[whatwg] Content Restrictions from Alexey Feldgendler on 2006-03-02 (public-whatwg-archive@w3.org from March 2006)

From: Alexey Feldgendler <alexey@feldgendler.ru>
Date: Thu, 02 Mar 2006 20:30:23 +0600
Message-ID: <op.s5sikxgn1h6og4@pancake.feldgendler.ru>
On Tue, 21 Feb 2006 10:31:51 +0600, Hallvord Reiar Michaelsen Steen  
<hallvord at hallvord.com> wrote:

>> What is or what isn't technically simple to implement in existing
>> implementations should perhaps not be what decides how specifications  
>> are
>> written.  It is clear that it is possible to implement per-function
>> security tracking (though slightly unclear how such security tracking
>> should work; which of all currently executing functions determine the
>> security context?)

Only the innermost one does. I've posted the exact rules a couple of weeks  
ago.

>>  It is also clear that it hasn't been exactly been required by  
>> implementations
>> yet, so it is likely that an implementation doesn't have it already.   
>> And since
>> it involves storing more information, implementing it is likely to cost  
>> some
>> in terms of memory use.

In Gecko, as far as I can see from its source code, it doesn't add memory  
overhead. It already has origin tracking of some kind (used to implement  
the today's usual security restrictions).
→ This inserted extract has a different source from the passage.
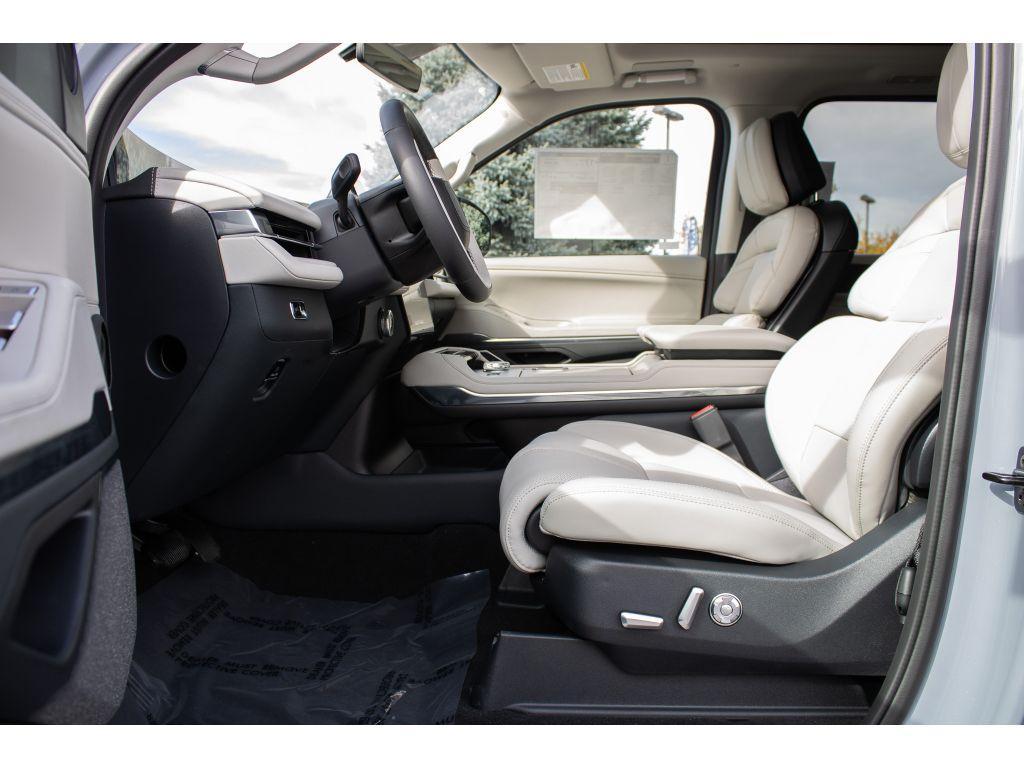 new 2025 Lincoln Navigator L car, priced at $101,949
>> why doesn't the author simply make
>> sure to serve the untrusted content from another server (with another
>> host name or port number, that is, not necessarily another machine)?
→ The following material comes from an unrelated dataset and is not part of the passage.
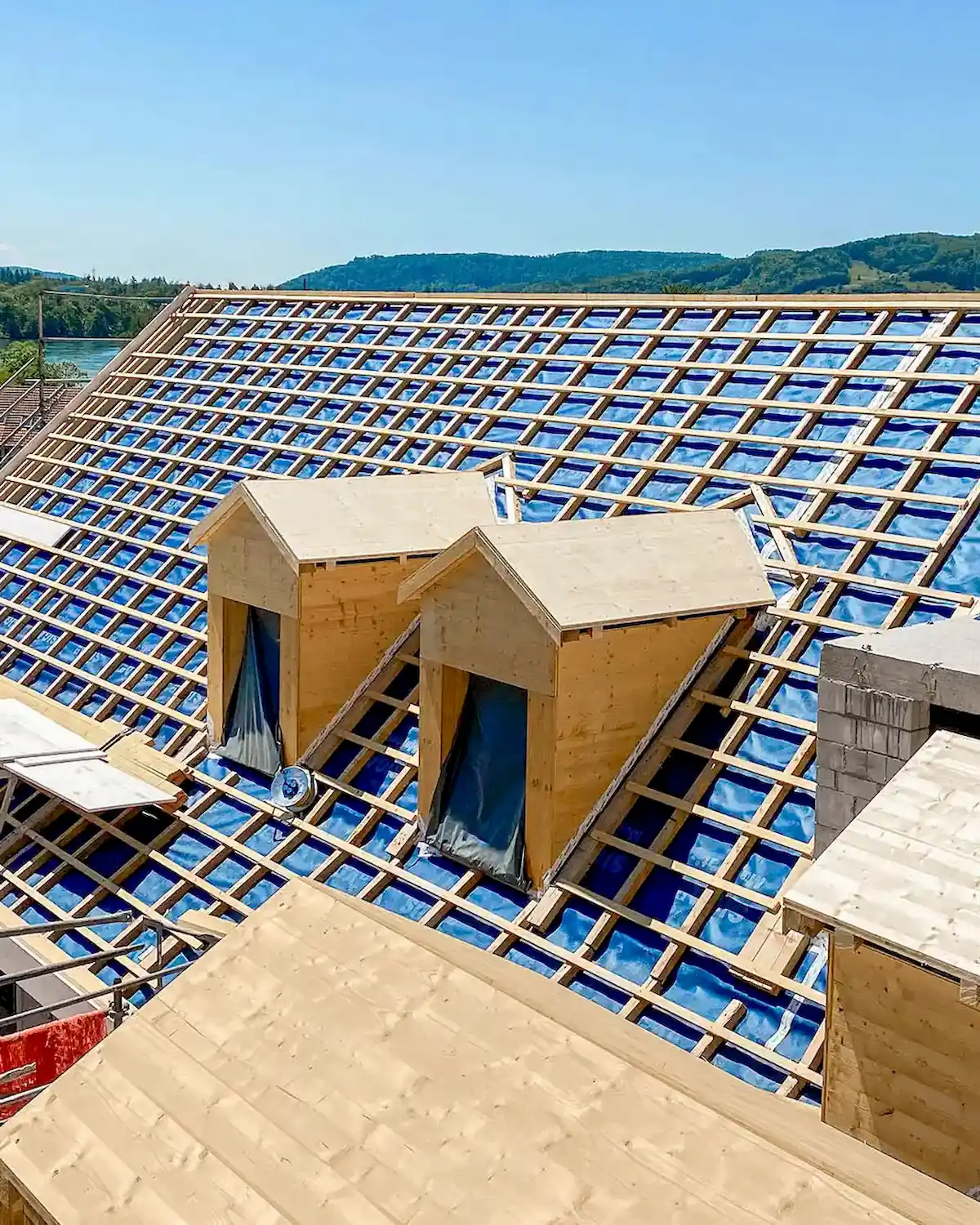 Dachsanierung mit neuen Gauben und vorbereiteten Dachfenstern, Holz- und Lattenkonstruktion auf einem Wohnhaus in Klingnau.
This is what LiveJournal does now. However:
1. For many small sites it's not an option,
2. It doesn't solve the problem of untrusted JS included by a page.

>> Seems that brings another (although simpler) set of problems though:
>> what if the untrusted content contains a "</SANDBOX>" tag, or if it
>> ends with "<!--", or possibly other syntax anomalies?

I never said that the website won't have to do HTML cleaning for  
user-supplied content. But with HTML 5 reference parsing algorithm, such  
cleaning is going to be much easier and straightforward: parse the text  
into DOM (as if it was inside BODY, for example), remove or modify  
forbidden elements, then serialize it. That way, </SANDBOX> will be  
ignored as an easy parse error because it doesn't match an opening tag  
within the user-supplied text. An unclosed comment will be ignored, too.

>> What if it doesn't contain exactly that, but something else that
>> triggers equivalent behaviour in the HTML parser in some implementation?
>> HTML parser are traditionally quite complex, and quite "fuzzy".  The
>> fuzziness hasn't been a security problem before, now all of a sudden it
>> might be.

HTML 5 will make HTML parsing in standards mode well-defined, with  
predictable error recovery.

> Did we discuss how the UA should handle a closing </sandbox> tag?
> Would it need to scan forward in the markup to find other closing
> tags and determine if the current one is a part of the enclosed
> markup or the end of the SANDBOX in that page? Perhaps only the first
> and the last SANDBOX open/close tags can be taken into account and
> others discarded?

No need to do that. SANDBOX elements can be nested like many others.  
Nevertheless, a </SANDBOX> tag without a matching opening tag inside the  
user-supplied content will be ignored during the HTML cleanup process  
described above.

There is one more such case: when </SANDBOX> is injected using  
document.write("</SANDBOX>"), but that can be easily circumvented.


-- 
Opera M2 8.5 on Debian Linux 2.6.12-1-k7
* Origin: X-Man's Station [ICQ: 115226275] <alexey at feldgendler.ru>
Received on Thursday, 2 March 2006 06:30:23 UTC